Classroom discipline, or "The biggest dog in the room"

[Originated in a comment over on Terminal Degree]


Youngsters (especially freshmen and sophomores) respond best to those disciplinary methods that are familiar. It's as true of the music kids as of the sports teams: my cattle-call classes got *much* more manageable when I realized I should conduct presentation and discipline using the style of their most familiar authority figures (and parents don't count, in this case): for the music kids, that would be their high-school band, chorus, or orchestra directors.

That means, for the violinists, that you act like a hyper-professional with insanely high standards and a short temper (picture Stokowski impatiently tapping the baton on the conductor's stand, and you'll have the affect); for the singers, you provide histrionic fits of praise or blame, depending on student conduct (think Christopher Guest in "Guffman"), and for the low brass and percussion you yell at them like a football coach ("Get in your seats; NOW! NOW! NOW! NOW!").

When you use this method appropriately, you can literally *see* them calm down when the disciplinary or presentational methods are ones they recognize: they're like puppies who finally understand that you want them to pee ON the newspaper. And if you ever have a concern about being seen as not-nice versus nice by students (during student evaluations, for example), just wait a little bit longer before landing on a miscreant with hobnailed boots. By waiting until the other kids in the class are fed up with the bad behavior, you've generated for yourself a massive cheering section who are on your side, and the biggest "rebel" or "discipline problem" in the world will fold like a wet rag when he (usually it's "he") realizes that every other kid in the room thinks he's a jackass.

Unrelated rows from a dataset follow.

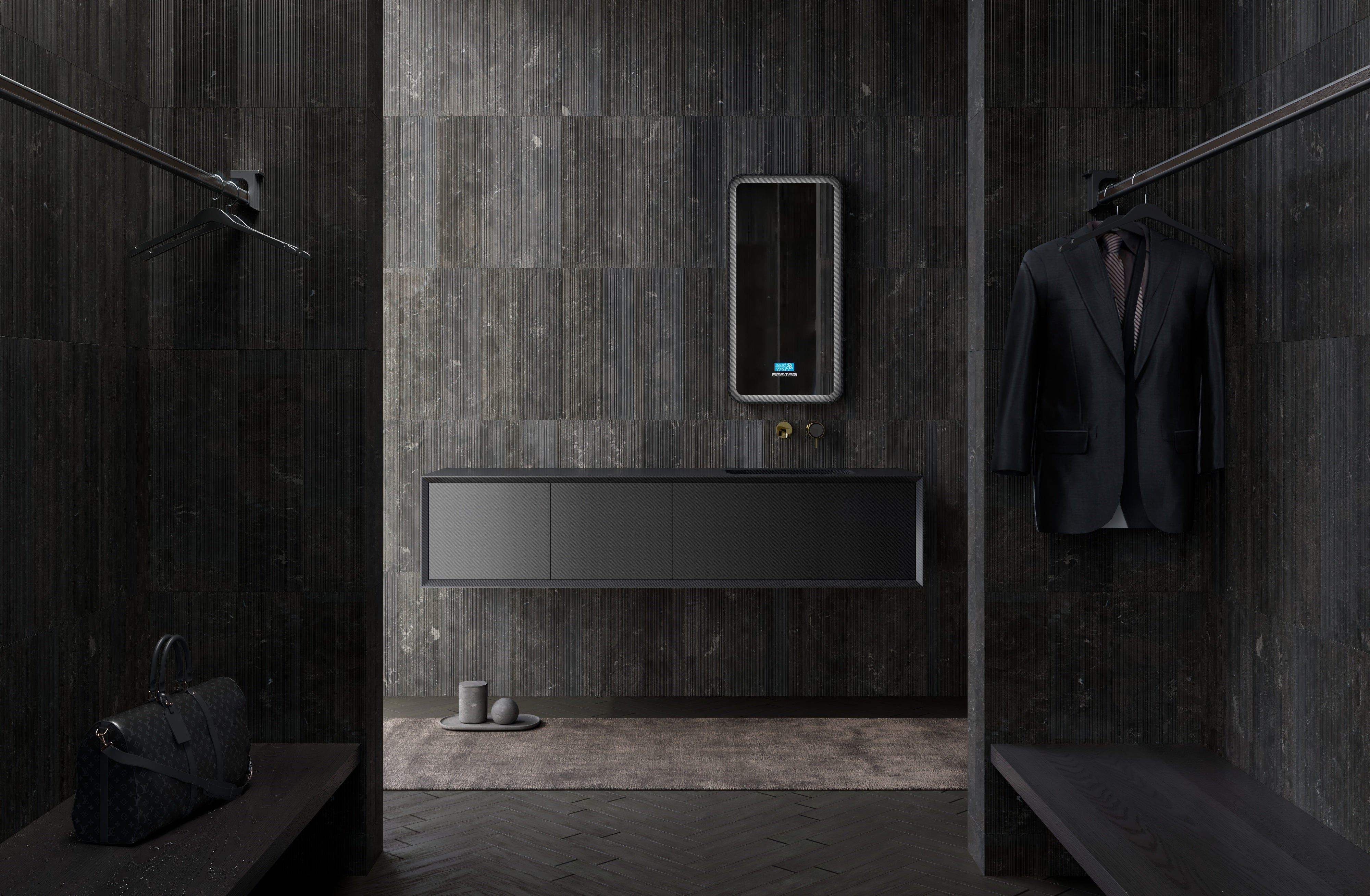 MonBlari MC-V9966 carbon fiber vanity unit with mirror-1600mm Main image
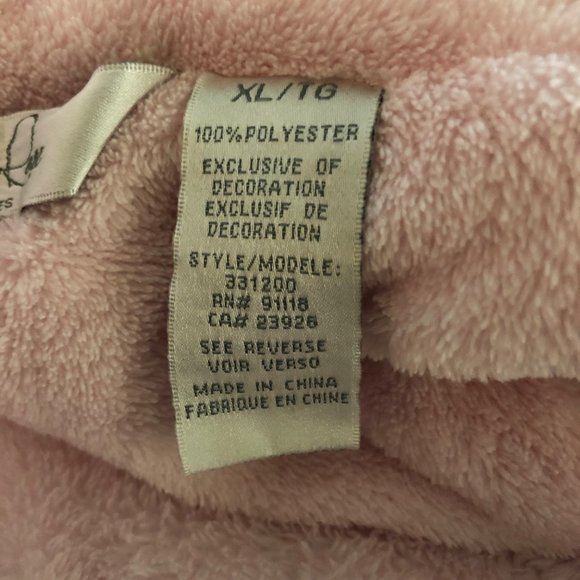 Jasmine Rose Intimates Extra Large Long Pink Rolled Collar Bath Robe - Picture 10 of 12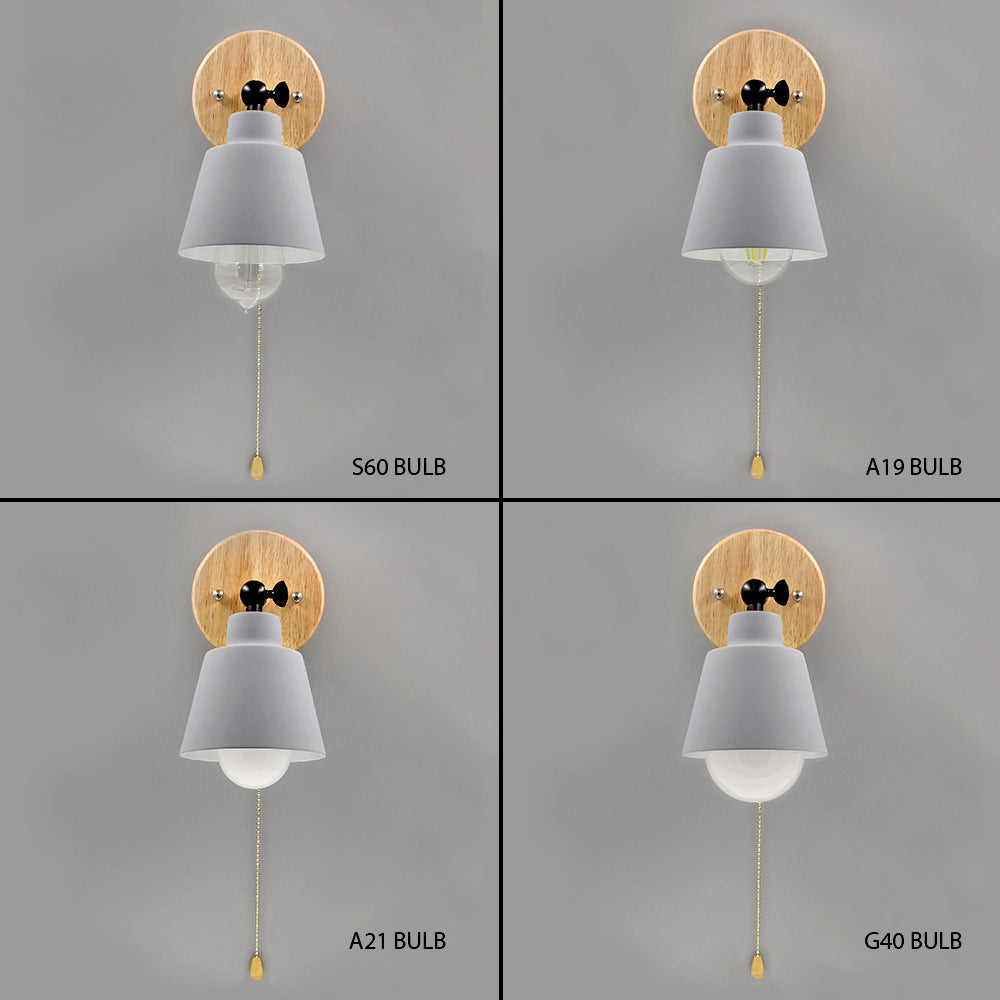 Wall Lamp Wood Metal E27 13.0 cm Pull Switch Bedroom Reading Light Scandinavian Mid Century Adjustable Sconce | Thomler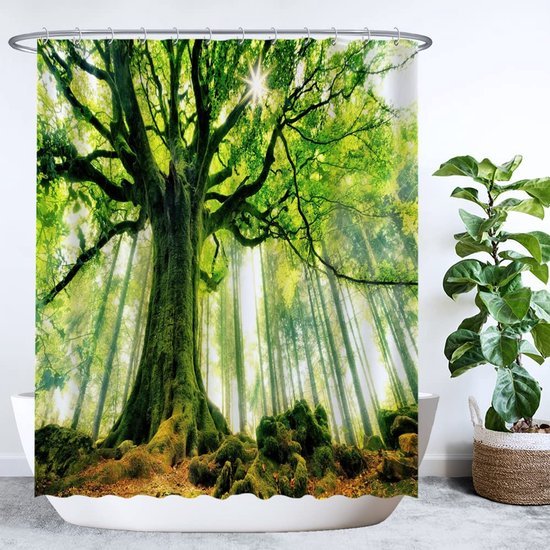 Unyqoos® Verfrissend Douchegordijn met Natuurprint, Anti-Schimmel en Waterafstotend, 180 x 200 cm, Inclusief 12 Ringen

Also, college coaching staffs are intimately aware that their teams can present discipline problems in classrooms and are usually incredibly responsive to teacher concerns about discipline or ethics. Dharmonia has had entire football or baseball teams in her cattle-call rock history class, and in the worst-case scenarios (say, massive cheating) has needed only one phone-call to have an assistant coach in her office tearing strips off a long line of hangdog culprits. Though it may not feel like it, in a Southern university the coaching staff are typically completely on your side and will back you up.

That said, I think there's a lot of merit to figuring out the body language, affect, and tone of voice that says to a roomful of late adolescents, "I'm the biggest dog in this room and you DON'T want to butt heads with me." Peer pressure will often take care of the rest.